** WHAT IS NEEDED **
Starting at the line that contains "Button Front Knit" and stopping at the line that contains "Kate Spade Rosie", restate each line of the records below exactly. Omit the pictures.

** DATA PROVIDED **
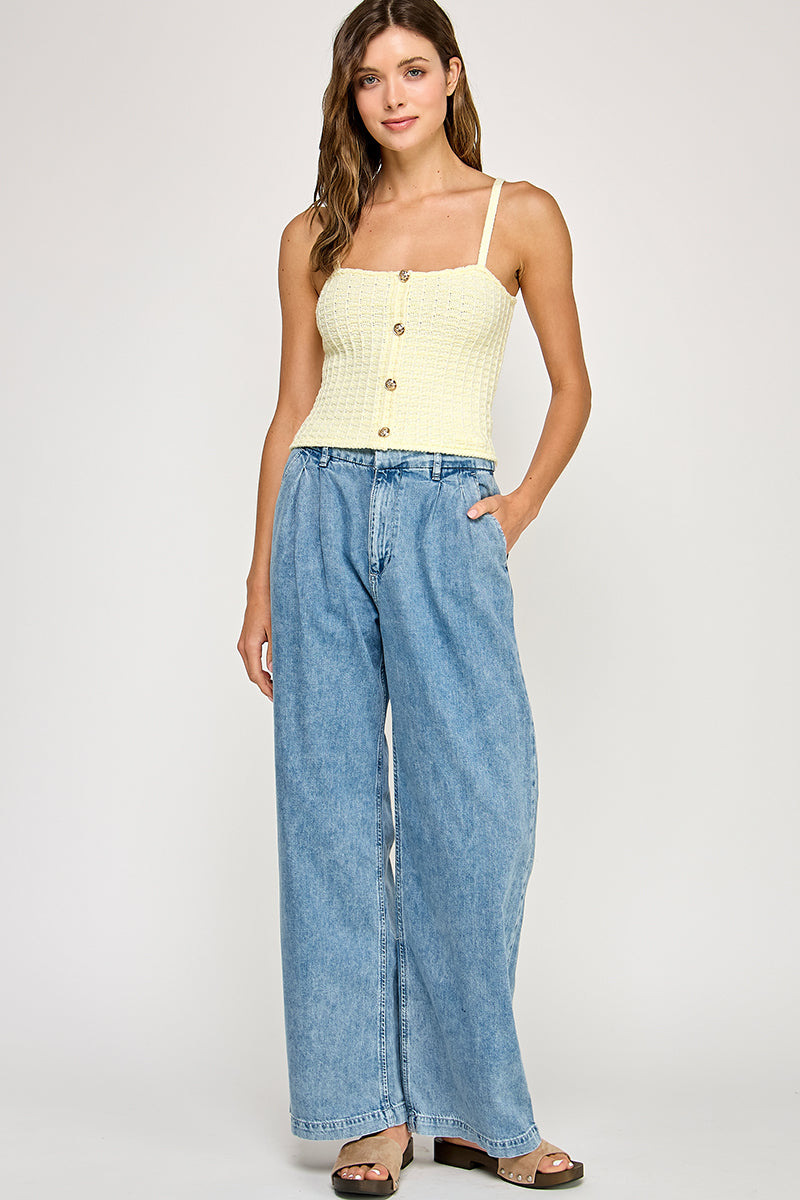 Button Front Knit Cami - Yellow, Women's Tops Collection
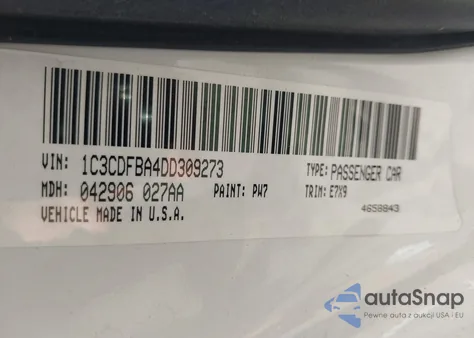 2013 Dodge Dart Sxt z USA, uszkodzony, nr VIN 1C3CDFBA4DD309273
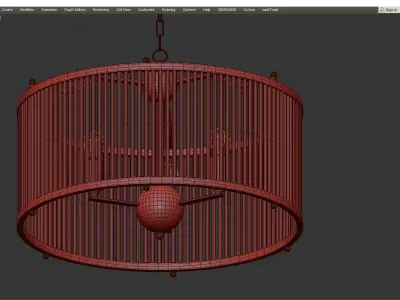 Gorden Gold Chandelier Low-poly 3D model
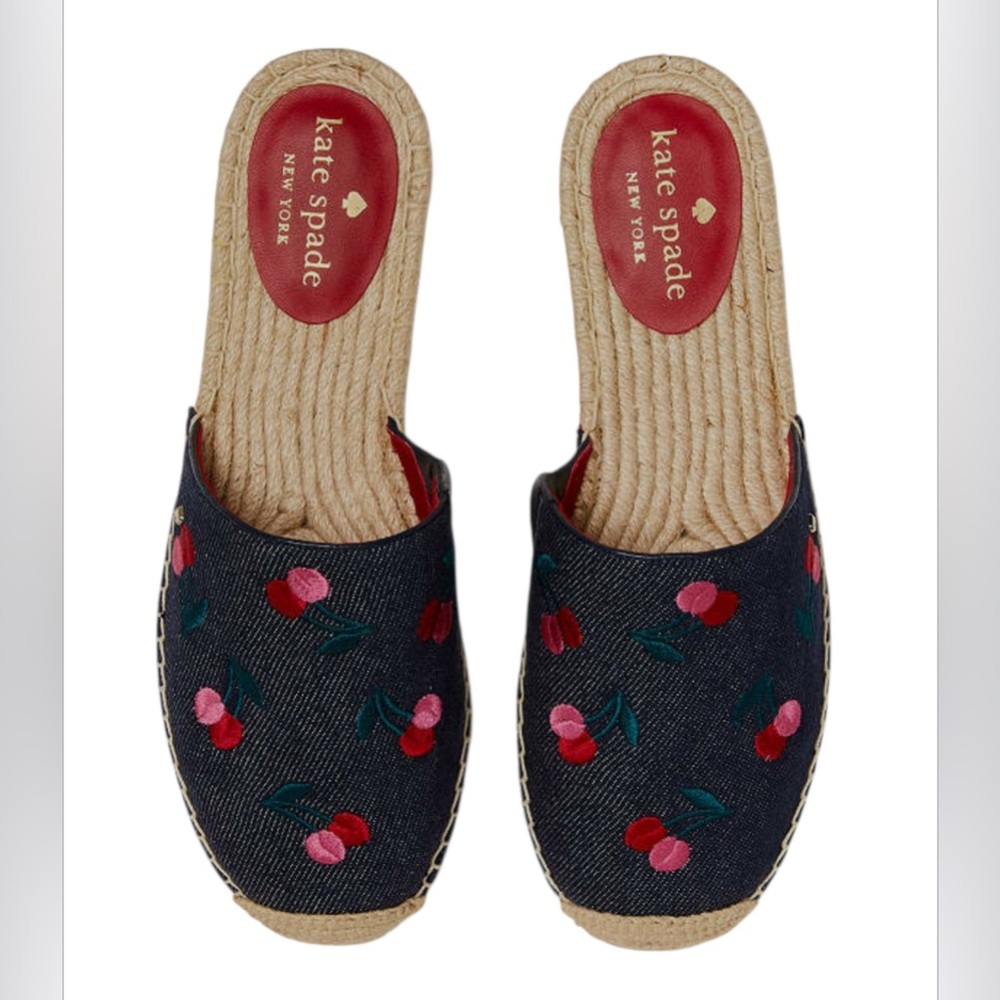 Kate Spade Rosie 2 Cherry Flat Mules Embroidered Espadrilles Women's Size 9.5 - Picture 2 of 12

...

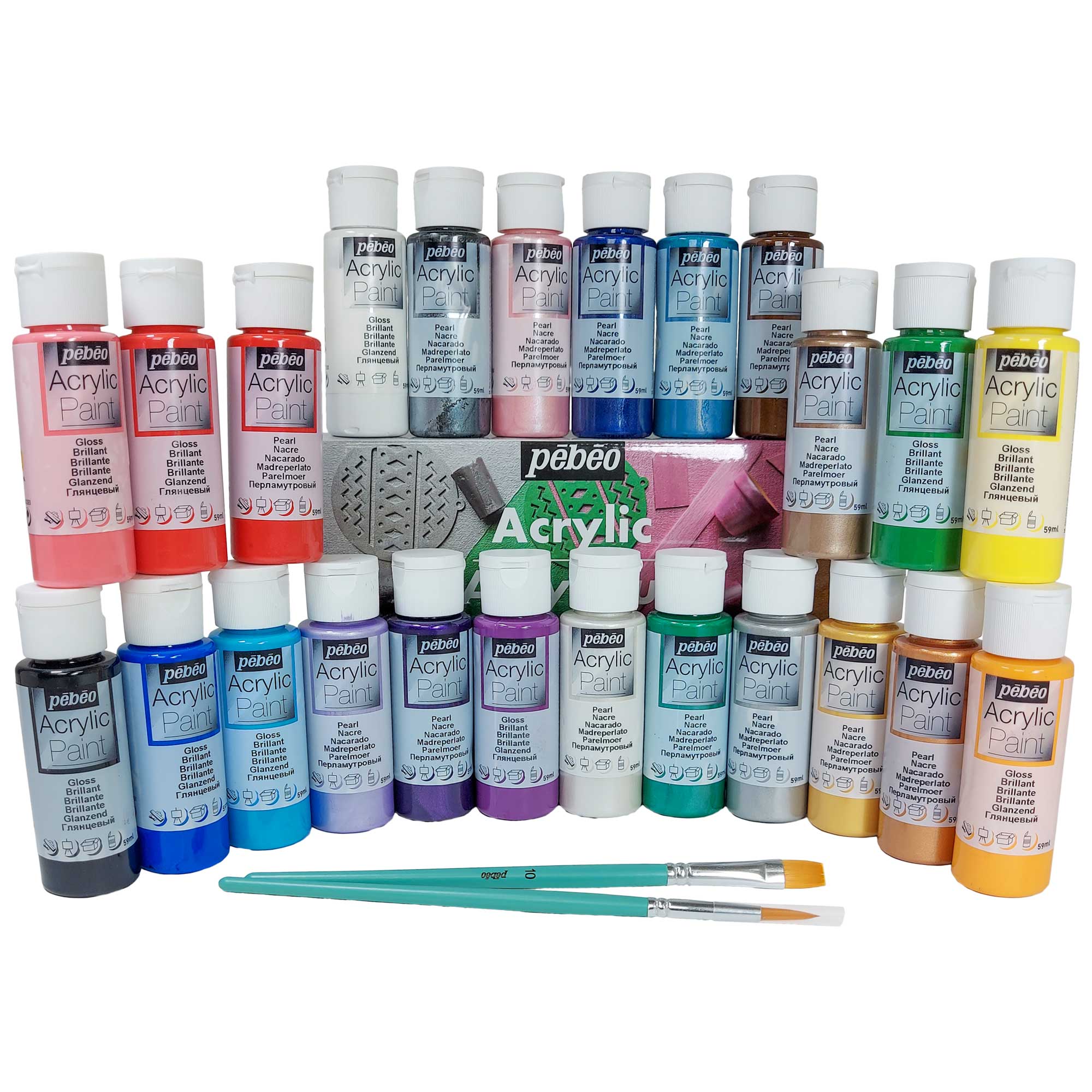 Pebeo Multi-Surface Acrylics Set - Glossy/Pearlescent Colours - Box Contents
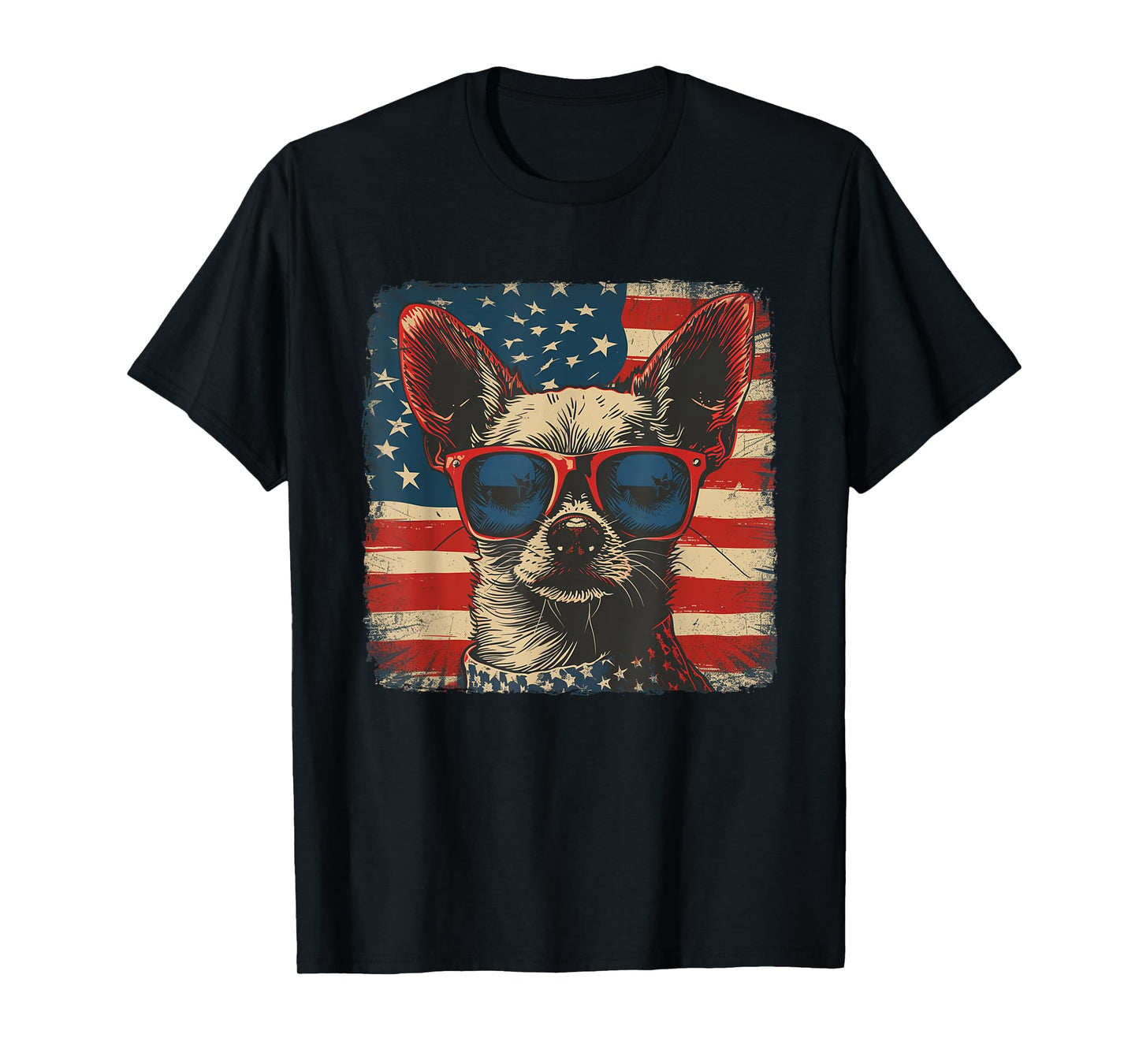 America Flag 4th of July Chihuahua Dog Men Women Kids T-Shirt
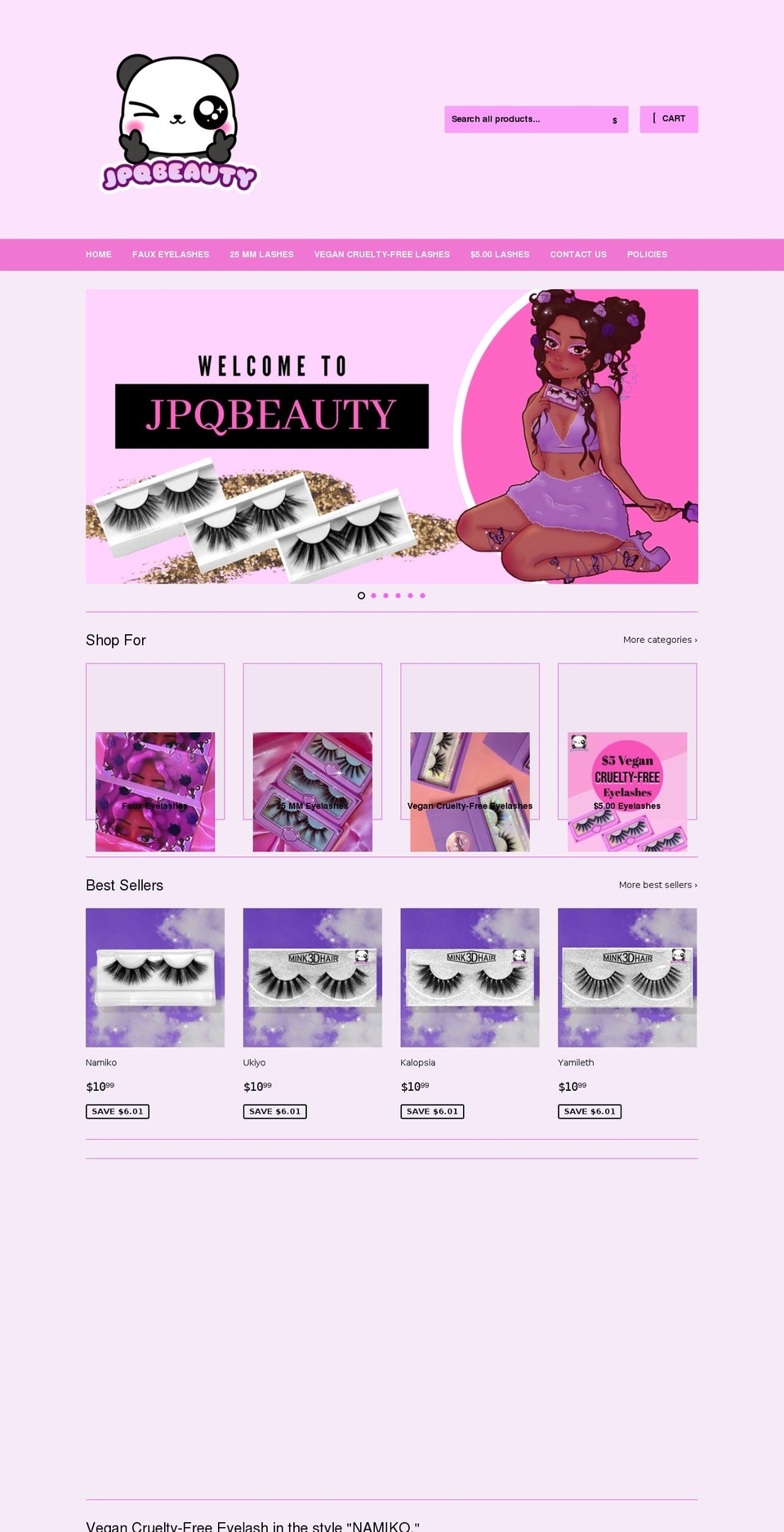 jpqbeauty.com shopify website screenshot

** YOUR SOLUTION **
 Button Front Knit Cami - Yellow, Women's Tops Collection
 2013 Dodge Dart Sxt z USA, uszkodzony, nr VIN 1C3CDFBA4DD309273
 Gorden Gold Chandelier Low-poly 3D model
 Kate Spade Rosie 2 Cherry Flat Mules Embroidered Espadrilles Women's Size 9.5 - Picture 2 of 12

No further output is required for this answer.